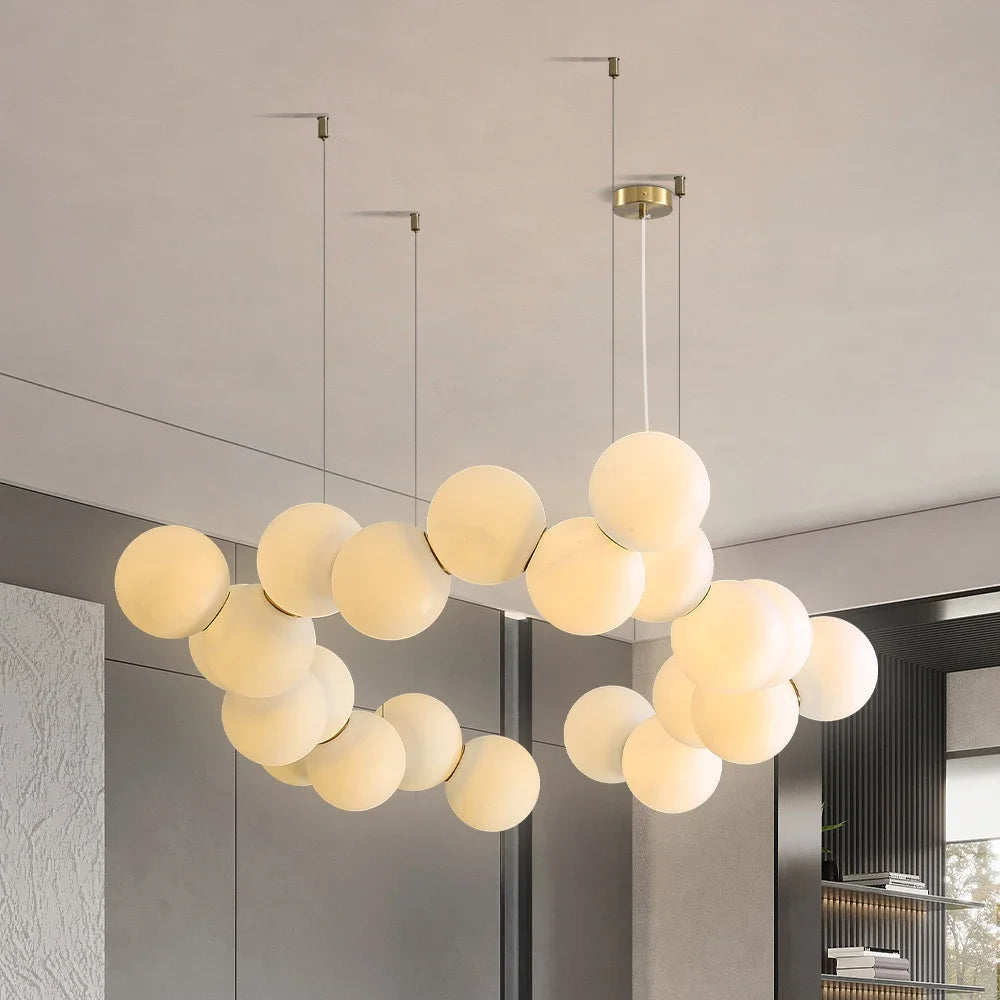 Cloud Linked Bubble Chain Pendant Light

☆ ☆ ☆ ☆

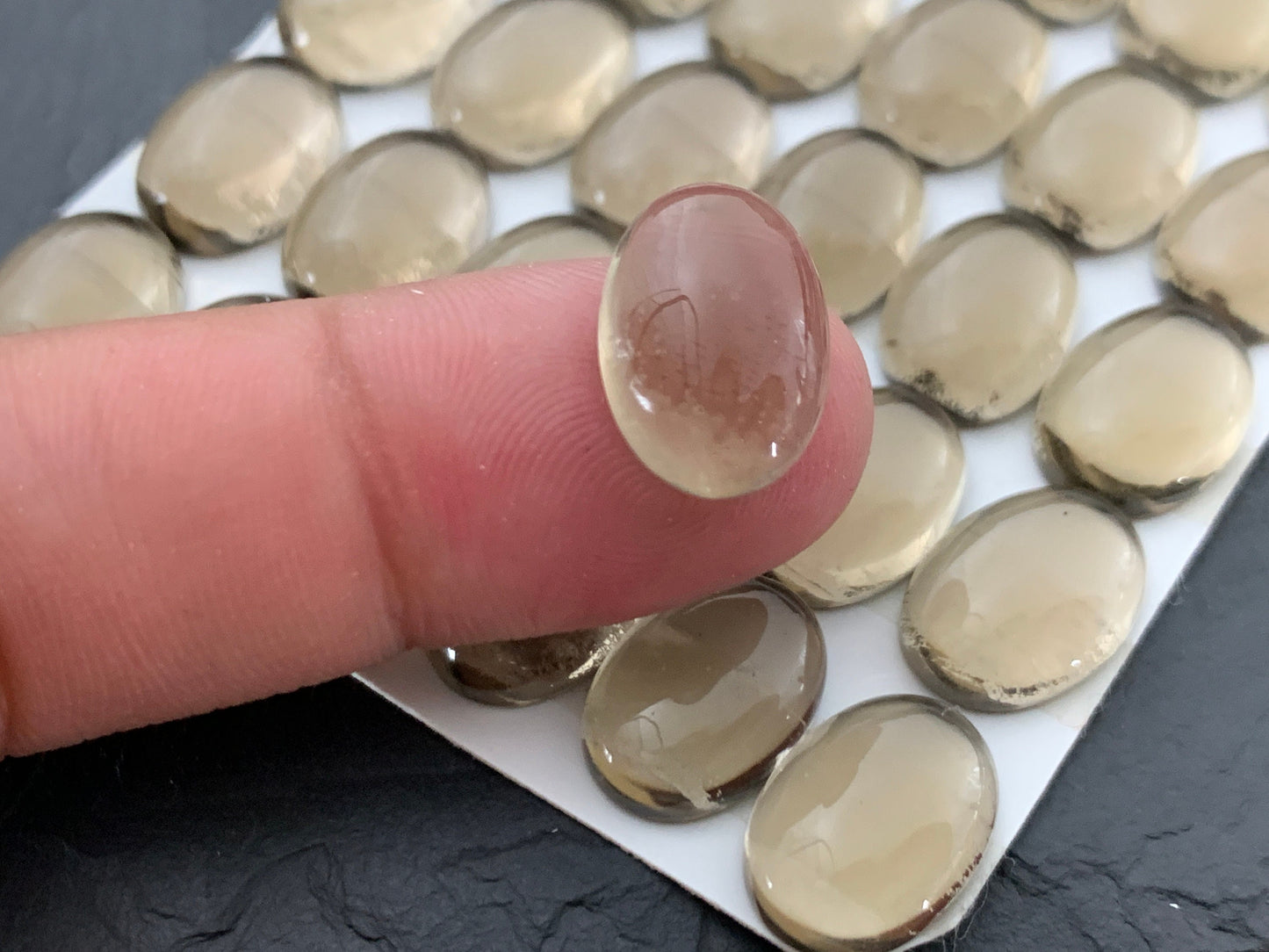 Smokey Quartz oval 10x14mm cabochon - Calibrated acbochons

☆ ☆ ☆ ☆

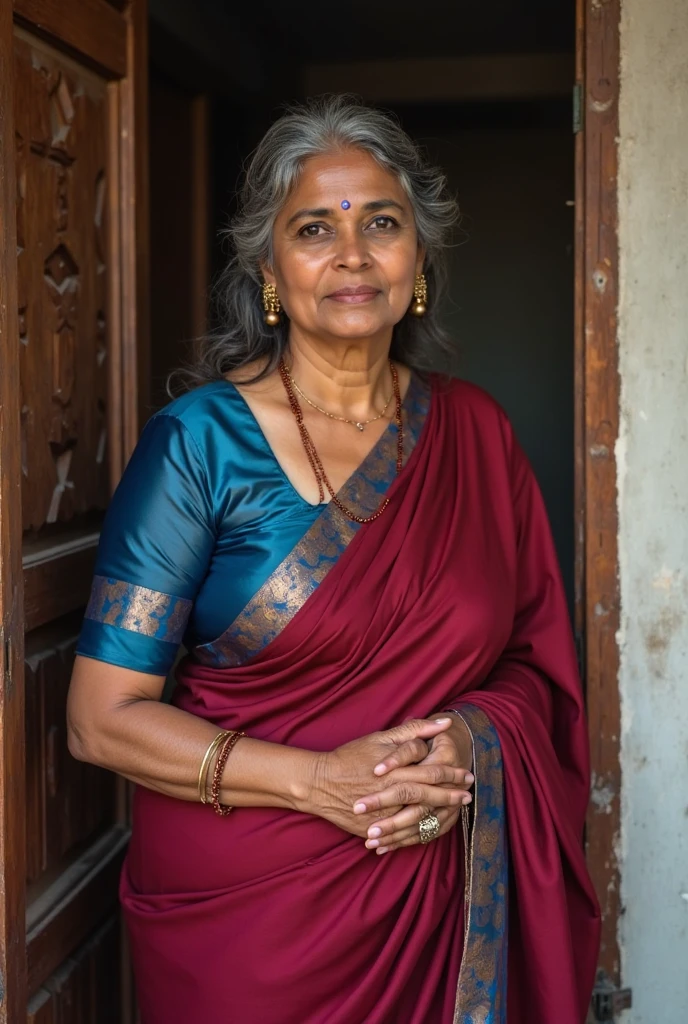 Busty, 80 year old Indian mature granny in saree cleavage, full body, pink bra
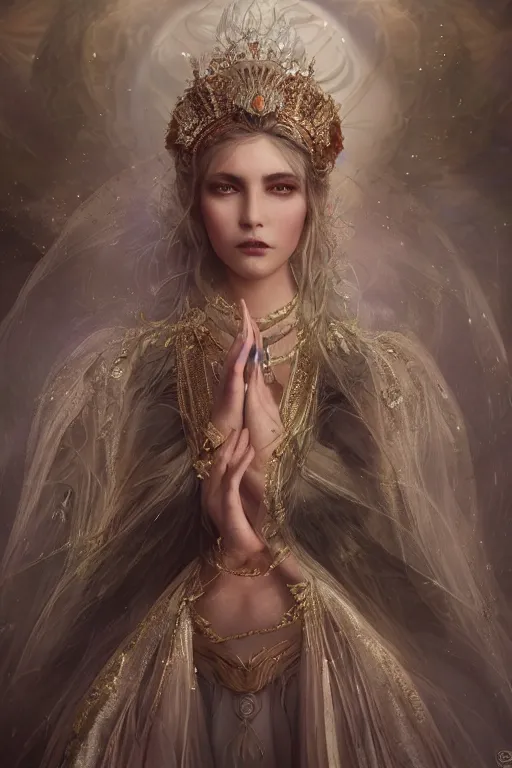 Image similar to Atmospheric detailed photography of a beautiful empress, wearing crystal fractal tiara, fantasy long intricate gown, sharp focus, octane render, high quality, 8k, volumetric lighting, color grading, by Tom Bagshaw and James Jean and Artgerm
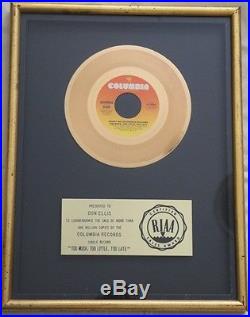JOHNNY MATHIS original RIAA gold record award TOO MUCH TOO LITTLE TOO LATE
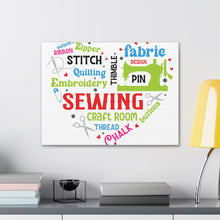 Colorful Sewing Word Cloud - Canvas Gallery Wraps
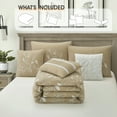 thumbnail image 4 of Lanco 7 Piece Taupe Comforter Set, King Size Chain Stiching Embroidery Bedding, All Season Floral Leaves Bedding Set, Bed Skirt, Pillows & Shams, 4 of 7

☆ ☆ ☆ ☆

_About this task_. Write out exactly the lines above between the one with "JOHNNY MATHIS original" and the one with "Colorful Sewing Word", inclusive, with pictures left out.

_Answer section_.
JOHNNY MATHIS original RIAA gold record award TOO MUCH TOO LITTLE TOO LATE
 Colorful Sewing Word Cloud - Canvas Gallery Wraps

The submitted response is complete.